Here, the pace of social change remained glacially slow, with spare cash an extremely scarce commodity.

The fact that the fortunes of the local community were inextricably linked to the land was the principal culprit. There were few trickle-down effects for rural Ireland since it was still hugely dependent on agricultural exports to the British market, where cheap food policies held sway. It was a time of low prices for farmers and an ever-broadening gap between agricultural incomes and earnings in wider society.

All this went over our childish heads, of course – the great thing about being young is that you blissfully accept things the way they are. One name that did seep into our consciousness, however, was that of local-born hero of TJ Maher. We greatly admired how he stood up for farmers' rights by camping with others on the steps of the Department of Agriculture to the discomfort of the minister, Charles Haughey, who had refused to meet them. TJ would go on to become the first president of the Irish Farmers' Association and play a key role in Ireland's campaign for admission to the EEC. This was destined to change the face of rural Ireland forever.

But that was in the future; for the moment the rhythms of country life ambled serenely along, much as they had always done. Childhood obesity was unheard of because of the simple but nourishing diet and also since almost everyone walked to school from surrounding townlands such as Toberadora, Regaile, Castlemoyle and Synone.

The school itself was an old, yellow-washed building with just two classrooms and cracked windowpanes. In the eight years I was there, I never remember a penny being spent in maintaining or improving it. The desks, tables, chairs and blackboards were the same ones when I finished as when I started. Money was scarce, and whatever tasks needed to be done were undertaken by the schoolchildren.

A much-prized job in winter, which meant about 20 minutes out of class, was finding fuel for the classroom stove. Goodness knows what child safety experts would make of this today, since the task required kids going off unsupervised to collect firewood in nearby fields. Other classroom escaping endeavours involved running errands to O’Dwyer’s shop or Flynn’s post office and – for boys only – serving at funeral or wedding masses in the church across the road.

It is sometimes said of education that it is not the hardware, but the software that counts. And so it was, that despite the many privations, educational standards were high. Everyone who left Boherlanan NS was fully literate. Many would already have made a good stab at the Intermediate Certificate, which was the initial State exam for secondary school students at the time.

Eventually, the new prosperity did seep into rural Ireland. For the first time, there was money to spend, and the result was free second-level education and costless school transport. This sowed the seeds for the educated workforce that would later create the Celtic Tiger.

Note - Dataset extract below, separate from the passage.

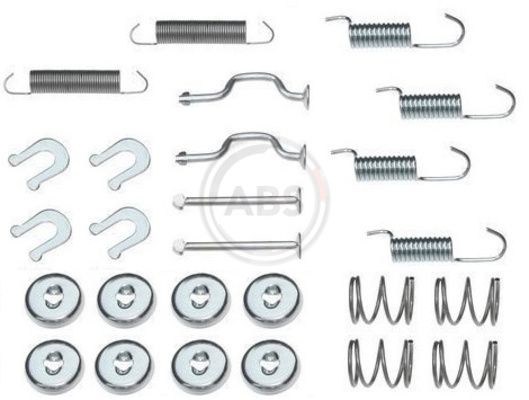 Sada príslużenstva čeľustí parkovacej brzdy A.B.S. 0810Q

The pace of change accelerated rapidly after I left the school. The crumbling old building was demolished and replaced by the spanking new St Isidore’s NS. And when I paid a return visit to my first alma mater this year, I was amazed to find a full-size Astroturf pitch out the back. Ireland had come a long way since we kicked football on the hard, unforgiving, gravel yard and the girls played ring-a-ring-a-rosies on a patch of muddy grass.